Le prof, le déserteur, la mère et JLG
CLASSE.- Mais quelle mouche a donc piqué François Foucault? Professeur agrégé de lettres au prestigieux lycée Henri IV à Paris, il a eu la « mauvaise idée » de dire devant des représentants du ministre de l’Education nationale, que les professeurs expérimentés devraient mettre toute leur expérience et leur savoir-faire au service des « difficiles » collèges de banlieue. Et voilà que le sémillant quadra, confortablement installé dans une existence douillette, se retrouve, à la rentrée, dans un établissement classé REP+. Autant dire que François Foucault va déchanter face aux questions de pédagogie ou d’égalité des chances dans le système éducatif qu’il n’a pas eu à connaître à Henri IV. Avec Les grands esprits (France – 1h46. Dans les salles le 13 septembre), Olivier Ayache-Vidal signe à la fois son premier long-métrage et une comédie dramatique qui va voir, à son tour, ce qui se passe « Entre les murs ».

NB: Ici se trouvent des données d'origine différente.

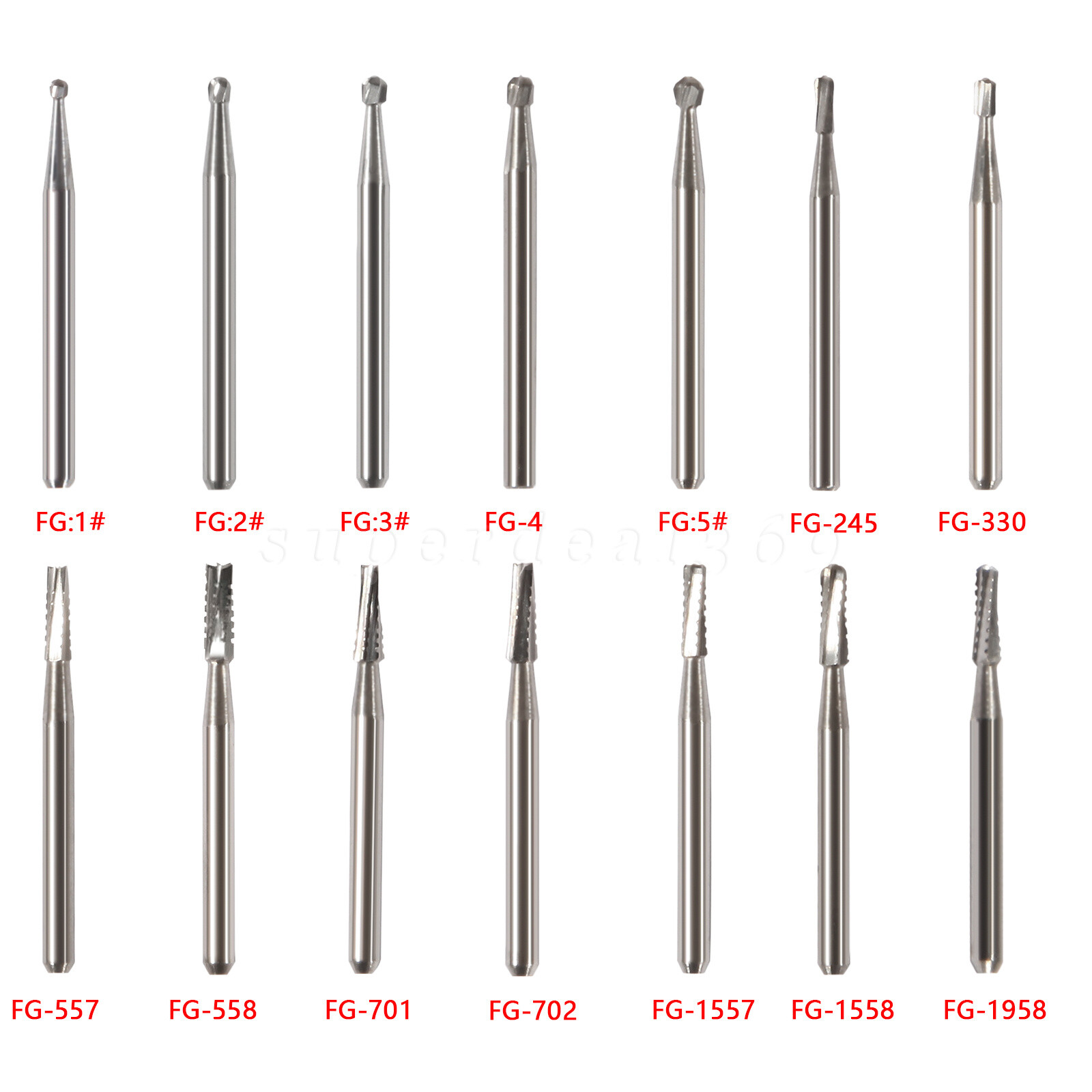 10-100 PCS Dental Round Tungsten Carbide Steel Bur For High Speed Handpiece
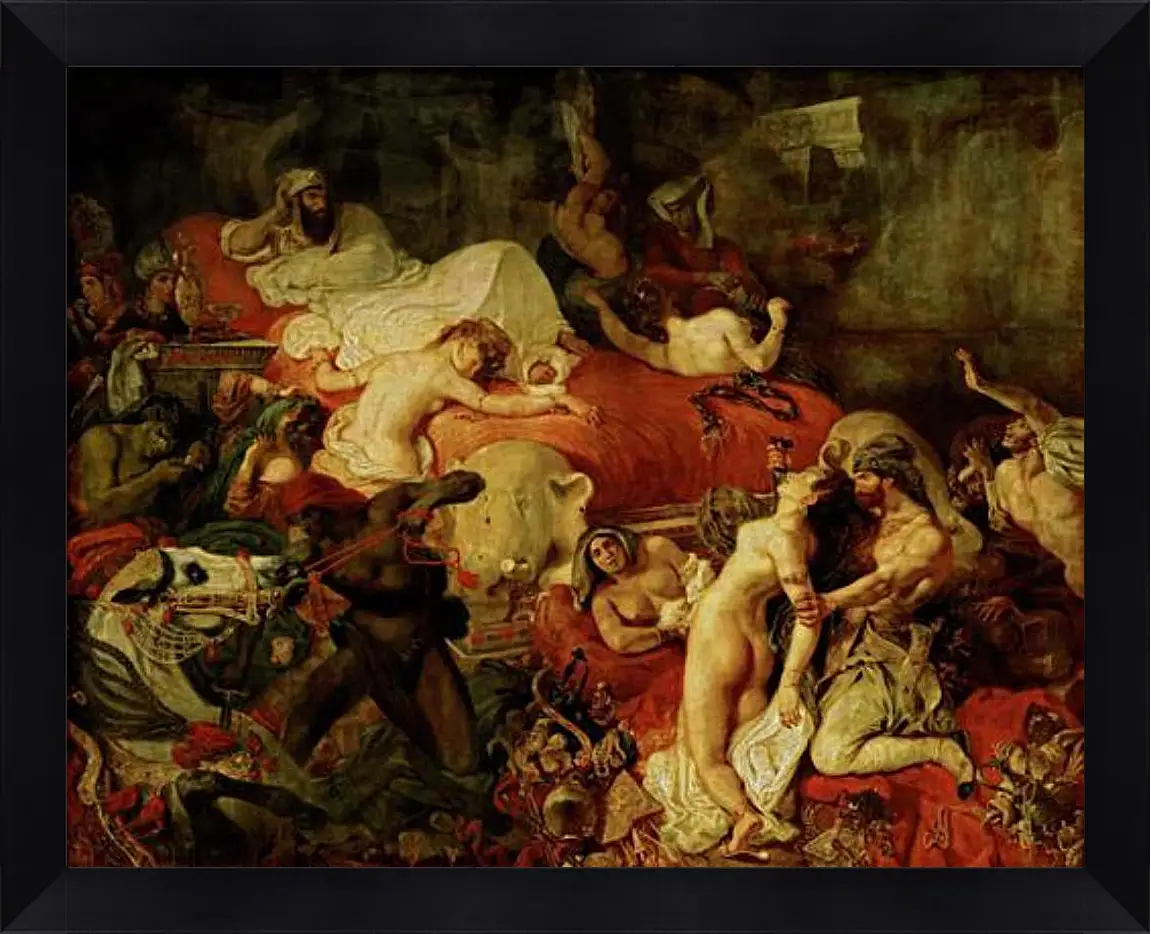 Картина в раме - The death of Sardanapalus. Эжен Делакруа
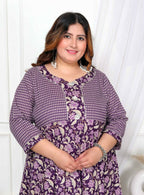 Miravan Women's Plus Size Purple cotton Floral Gota Lace Work Anarkali Kurta | Grocsy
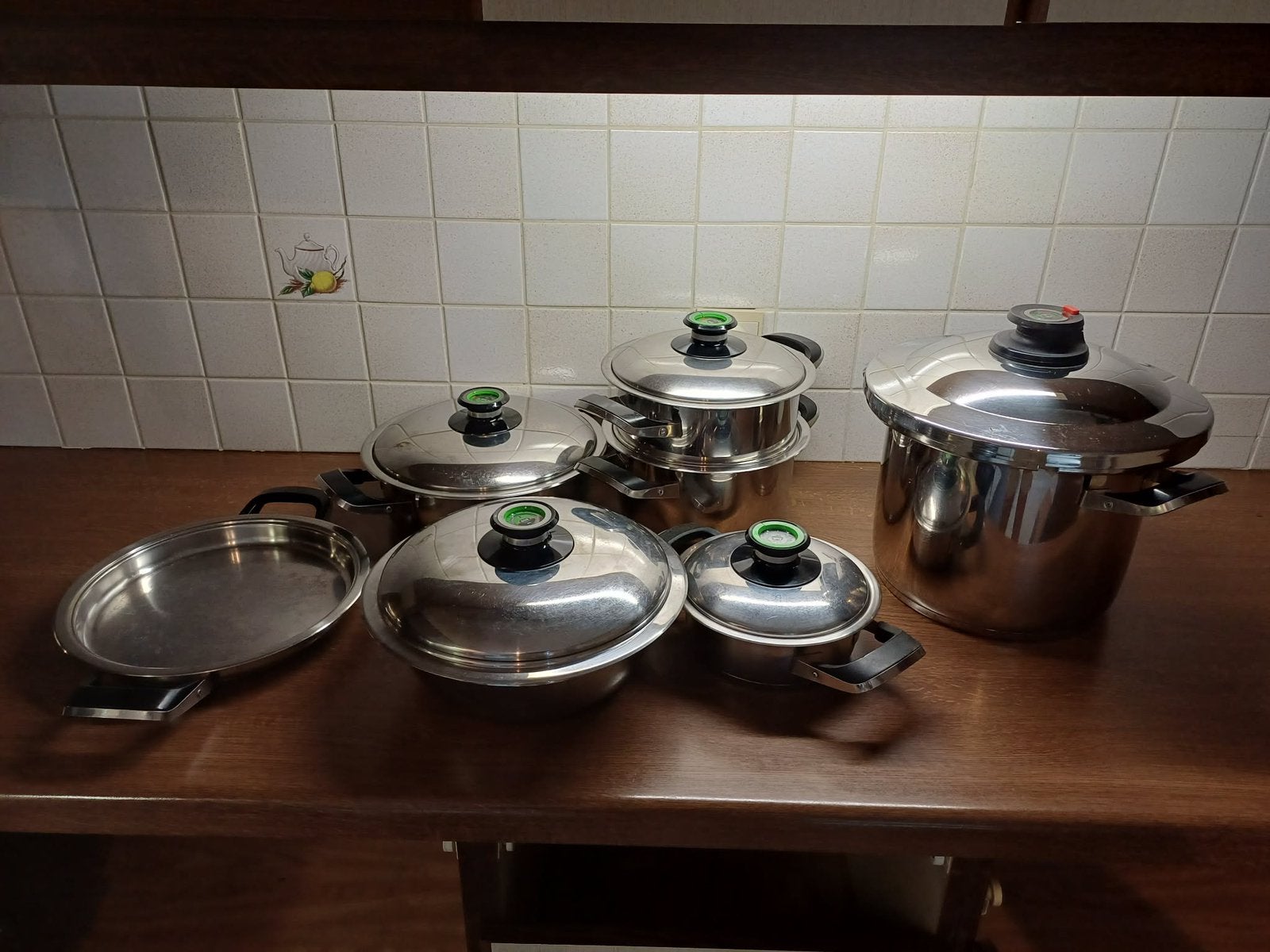 Amc kookpotte set, Huis en Inrichting, Keuken | Potten en Pannen, Ophalen, Inox, Gebruikt, Pannenset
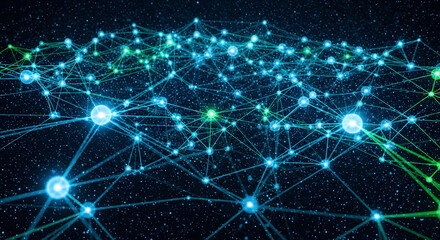 Fototapeta premium Abstract digital network visualization with glowing nodes and interconnected lines representing data flow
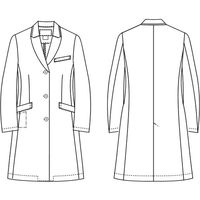 ナガイレーベン 女子シングルドクターコート Tネイビー LL CJ-3390 1枚　白衣　ドクターコート　レディース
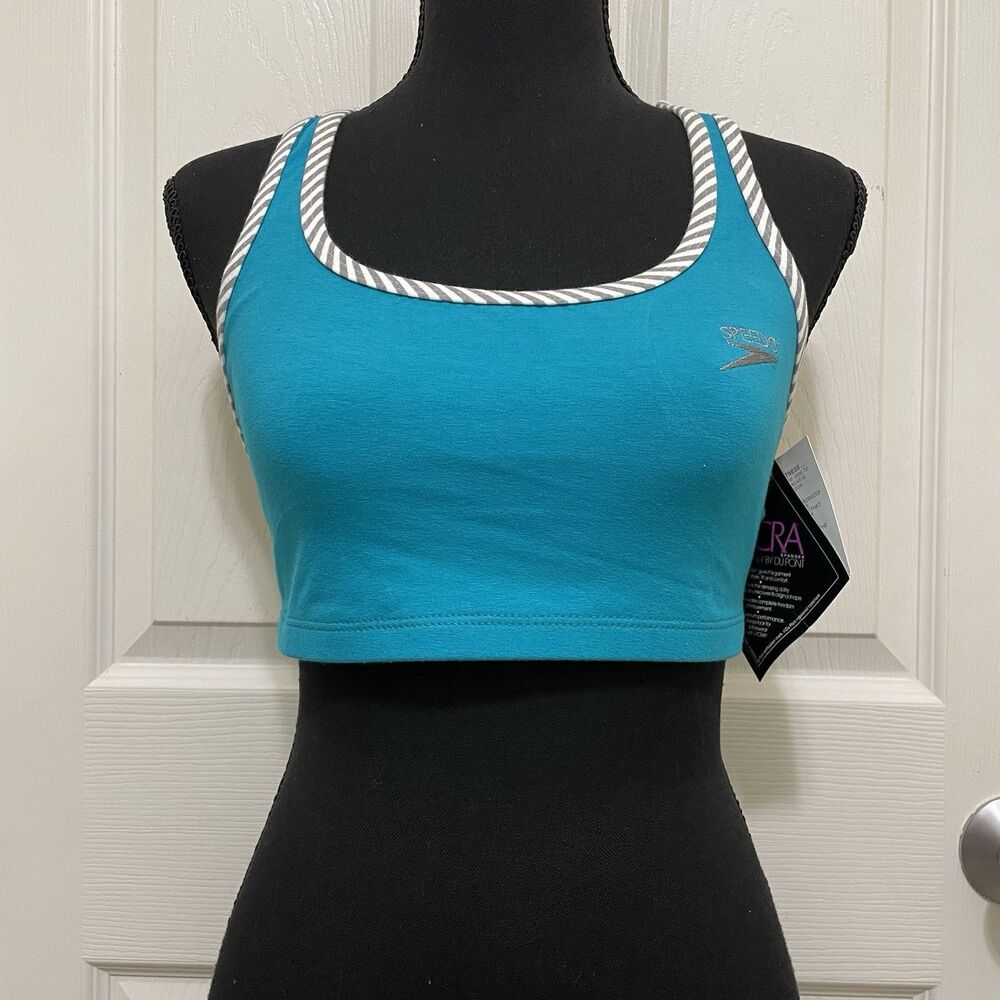 Vintage NWT Speedo Activewear Sports Bra Blue Du Pont 80s‎ 90s USA Made Large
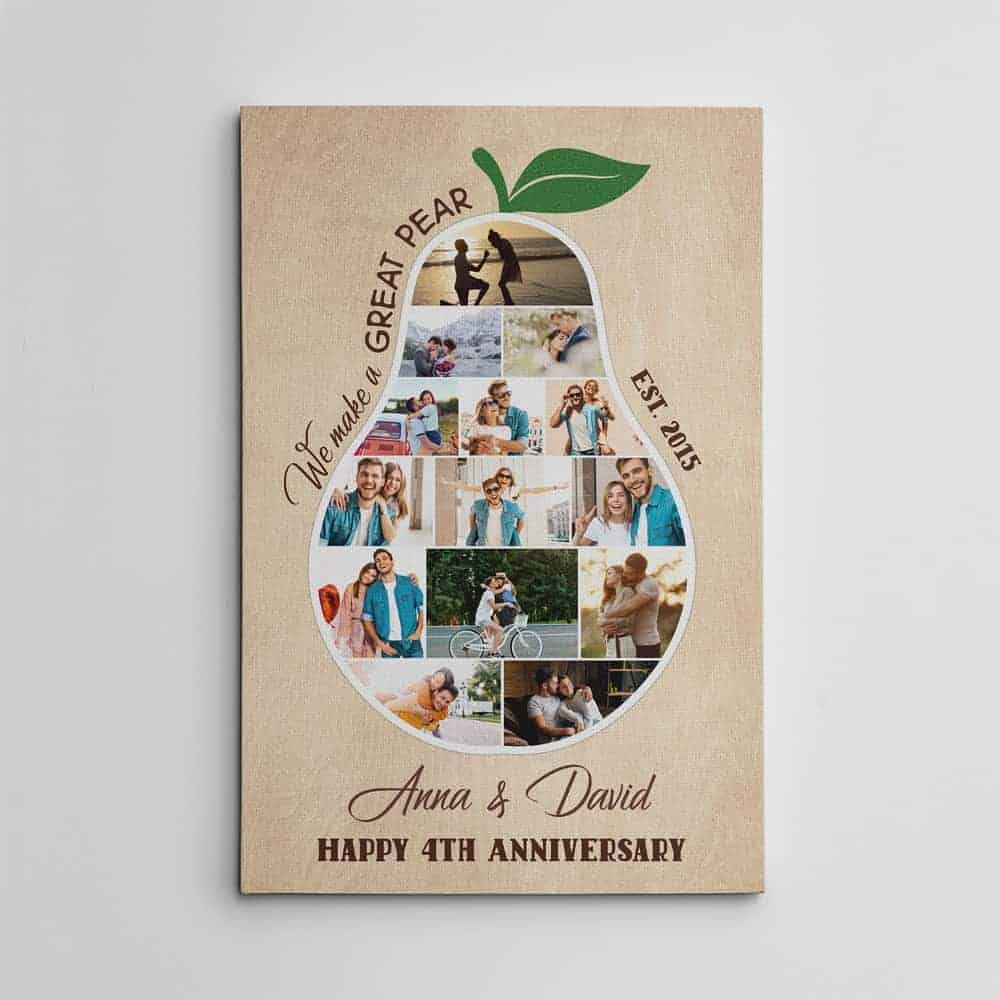 We Make A Great Pear 4th Anniversary Photo Collage Canvas Print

Deux pleines années scolaires durant, le réalisateur s’est immergé dans la vie d’un collège de Stains, en région parisienne, pour s’imprégner du fonctionnement d’un établissement, de ses profs et de ses élèves. A l’arrivée, cela donne une oeuvre qui évite toujours de tomber dans les gros clichés et qui distille un vrai charme grâce à la performance de Denis Podalydès. Avec aisance, malice, finesse, le talentueux sociétaire de la Comédie-Française nous fait croire aux aventures de ce bourgeois parisien égaré en rase campagne scolaire. Evidemment, après avoir tenté d’imposer l’apprentissage de la grammaire comme on le fait à Henri IV, le prof mettra de l’eau dans son vin et des goûters dans son emploi du temps. Bref, on sort des Grands esprits avec le sourire aux lèvres. D’abord parce qu’on voit « vraiment » un prof à l’oeuvre dans sa classe. Ensuite, parce que François Foucault, en bon pédagogue, a réussi son coup. Promis au renvoi définitif, le jeune Seydou finira par croire qu’il y a peut-être quelque chose à tirer du travail en classe… Promis à retourner à Henri IV, François Foucault, lui, est passé d’une conception aristocratique de l’enseignement à une conception démocratique où la forme du savoir, la manière de le valoriser et de le transmettre, valent autant que son contenu.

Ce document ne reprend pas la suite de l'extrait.